I'm looking for a spot in New Orleans to park a 22ft travel trailer for a couple of days. I want to have some time to explore but I can only find spots to park overnight unless I want to pay ridiculous prices. If someone is willing to let me park on their property, I would gladly feed you or help you out in any way I can. Thanks


----------



## katbastard

run hide, fuck that town!!!!


----------



## DaisyDoom

haha how come? i really want to check out all the voodoo crap lol

well as of now we still dont have a good place to park so we'll probably skip it


----------



## AnthraxMatt

i think at marigny and decatur there is a ne square block "park", ive parked and slept there for days before, its right off the french quarter too


----------



## jimi

I believe had some friends that parked their bus on N Peters near the river while I was there, and another bus parked on Press St and Royal (or somewhere right around there on Press), near Mardi Gras Zone and the train tracks. I don't know if anyone ever fucked with them, they never mentioned it to me, but both busses were in their respective spots for a couple days at the least.


----------



## DaisyDoom

Thank you guys! We decided to just drive through. Anyone have a suggestion on some really cool and unusual things to see, thatd be great


----------



## jimi

The treehouse. Hands down my favorite place in NOLA.


----------



## DaisyDoom

That's perfect! Thanks man!


----------



## jimi

No problem. Make sure to visit at night. Just go up Esplanade until you go under the freeway underpass. It's behind the gas station. You should be able to see the lights in the trees.


----------



## saje2u

Over by the iron rail theres a shit ton of RV's and such.
And no katbastard is fibbing NoLa is a flavor all of its own, Its like commercial fishing = you'll either hate it or love it.
I love it.


----------



## Buckbeak

the area around the iron rail ive see alotta ppl camping out of there car


----------



## trash diver

katbastard said:


> run hide, fuck that town!!!!


New Orleans can be a rough place.got robbed there once.keep your head on a swivel.


----------



## saje2u

Naw NoLa aint that bad you just godda know how to act - not that you kids would know how, just sayin. Its all about attitude and 99% of the mardigras/halloween visitors without hotel keycards DO NOT know how to keep them selves in check.


----------



## DaisyDoom

Thanks for the suggestions....I have no idea what's going on there yet and probably won't until we are closer. We were supposed to leave a few months ago but have hit some obstacles...should be all good soon.

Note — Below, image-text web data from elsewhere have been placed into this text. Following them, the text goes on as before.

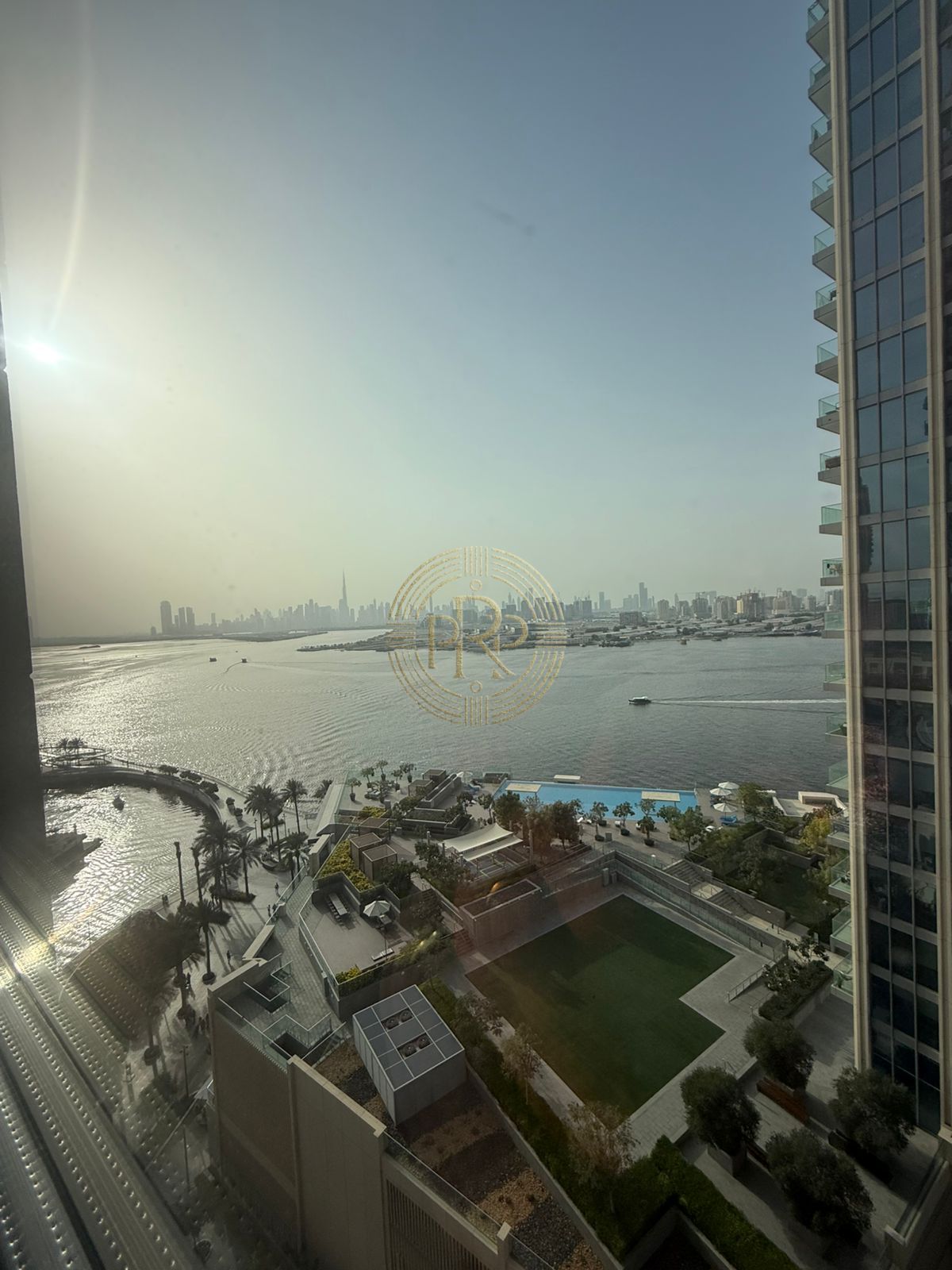 Panoramic Creek Views | Exclusive Waterfront 2-Bedroom Residence | Grand Layout |
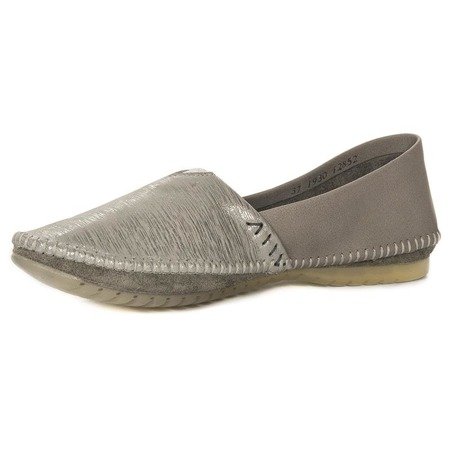 Maciejka 01930-03-00-0 Gray Shine Flat Shoes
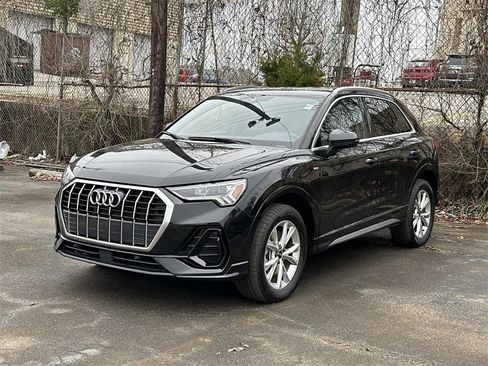 Used 2024 Audi Q3 2.0T Premium image 2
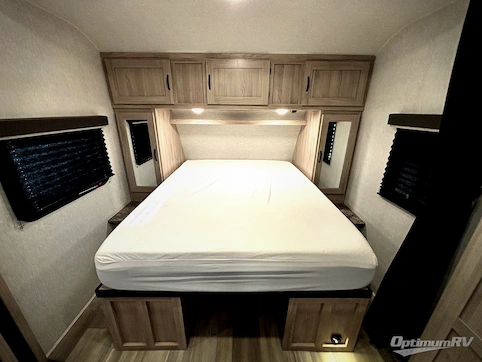 2022 Coachmen Northern Spirit Ultra Lite 1943RB RV Photo 3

As far as safety I'm sure we'll be ok. I'm nice and not dumb lol.


----------



## acrata4ever

trash diver said:


> New Orleans can be a rough place.got robbed there once.keep your head on a swivel.


i walked all over i walked to algeirs at night with no weapons (i never carry them) howd u get robbed?


----------



## stalebread

acrata4ever said:


> i walked all over i walked to algeirs at night with no weapons (i never carry them) howd u get robbed?


wrong place wrong time.
it happens.
didn't happen to me for five years, but don't ever let your guard down. It's still New Orleans.


----------



## Buckbeak

it is the oogle world headquarters of the world i've never been spanged so much carrying around a sign and my pack


----------



## bIackswan

Anywhere from N. Rampart to Jeff Davis should be fine to park that 22ft travel trailer for a couple of days.


----------



## shitbagdanny

park it smack in the middle of the street on bourbon and toulouse


----------



## zephyr23

iron rail moved i heard


----------